*** Opening Records ***

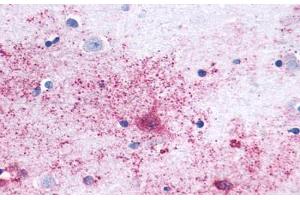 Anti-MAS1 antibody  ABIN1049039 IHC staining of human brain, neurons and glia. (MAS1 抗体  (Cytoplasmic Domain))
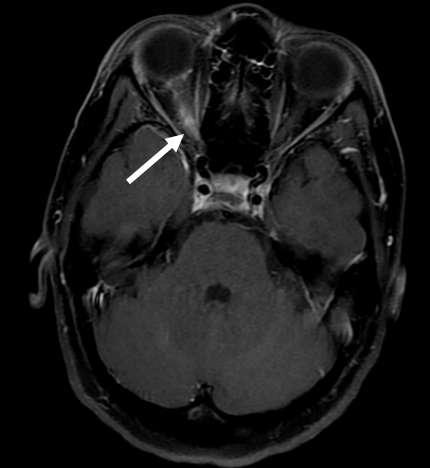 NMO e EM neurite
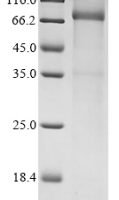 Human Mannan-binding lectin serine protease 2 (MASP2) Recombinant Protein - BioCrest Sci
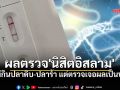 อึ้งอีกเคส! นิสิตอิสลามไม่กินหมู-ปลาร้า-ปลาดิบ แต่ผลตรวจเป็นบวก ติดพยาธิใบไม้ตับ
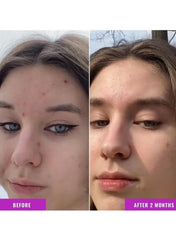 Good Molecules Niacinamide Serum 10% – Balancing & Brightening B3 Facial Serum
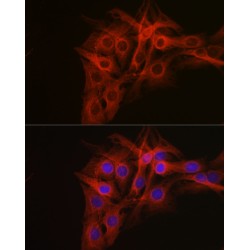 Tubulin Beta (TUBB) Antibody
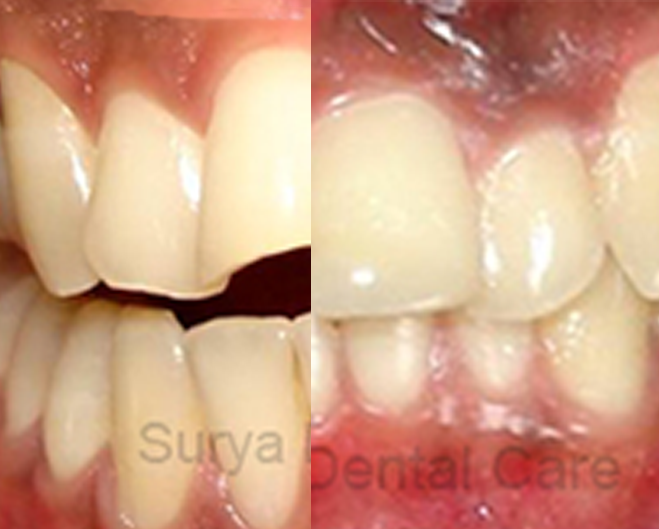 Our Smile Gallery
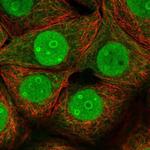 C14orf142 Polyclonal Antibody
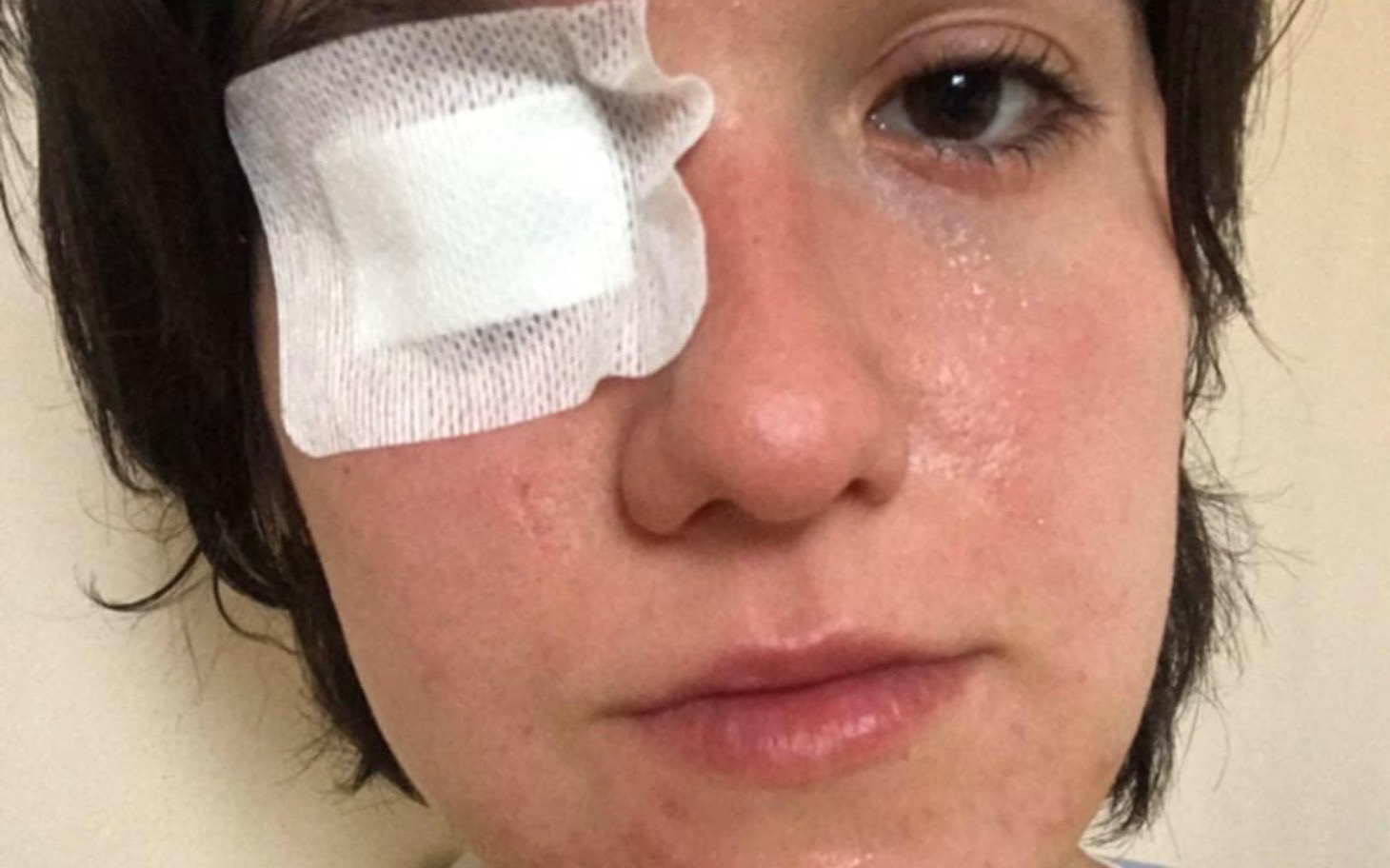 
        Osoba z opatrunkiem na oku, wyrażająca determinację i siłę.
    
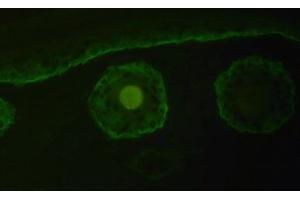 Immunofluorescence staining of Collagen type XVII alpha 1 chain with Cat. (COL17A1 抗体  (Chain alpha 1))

*** Closing Records ***
*** Opening Records ***

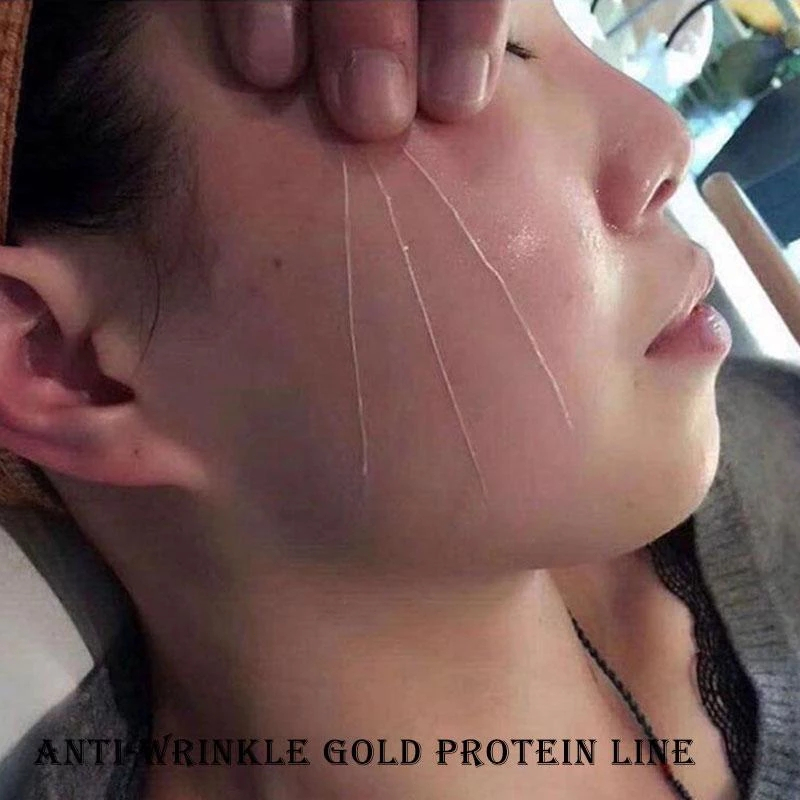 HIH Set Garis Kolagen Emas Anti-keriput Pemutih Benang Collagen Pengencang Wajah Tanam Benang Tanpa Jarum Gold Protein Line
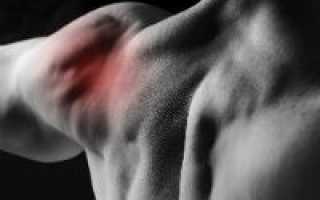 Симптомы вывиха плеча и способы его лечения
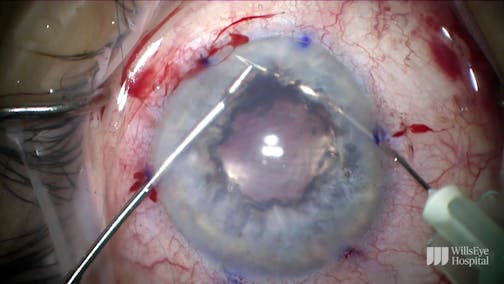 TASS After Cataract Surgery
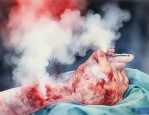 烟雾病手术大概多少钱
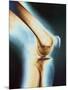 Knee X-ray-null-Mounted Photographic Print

*** Closing Records ***

Extract the part of the records that opens with the line containing "ABIN1049039 IHC staining" and closes with the line containing "Immunofluorescence staining of". Take only those lines, exactly, and no pictures.

Problem solution
 Anti-MAS1 antibody  ABIN1049039 IHC staining of human brain, neurons and glia. (MAS1 抗体  (Cytoplasmic Domain))
 NMO e EM neurite
 Human Mannan-binding lectin serine protease 2 (MASP2) Recombinant Protein - BioCrest Sci
 อึ้งอีกเคส! นิสิตอิสลามไม่กินหมู-ปลาร้า-ปลาดิบ แต่ผลตรวจเป็นบวก ติดพยาธิใบไม้ตับ
 Good Molecules Niacinamide Serum 10% – Balancing & Brightening B3 Facial Serum
 Tubulin Beta (TUBB) Antibody
 Our Smile Gallery
 C14orf142 Polyclonal Antibody
        Osoba z opatrunkiem na oku, wyrażająca determinację i siłę.
    
 Immunofluorescence staining of Collagen type XVII alpha 1 chain with Cat. (COL17A1 抗体  (Chain alpha 1))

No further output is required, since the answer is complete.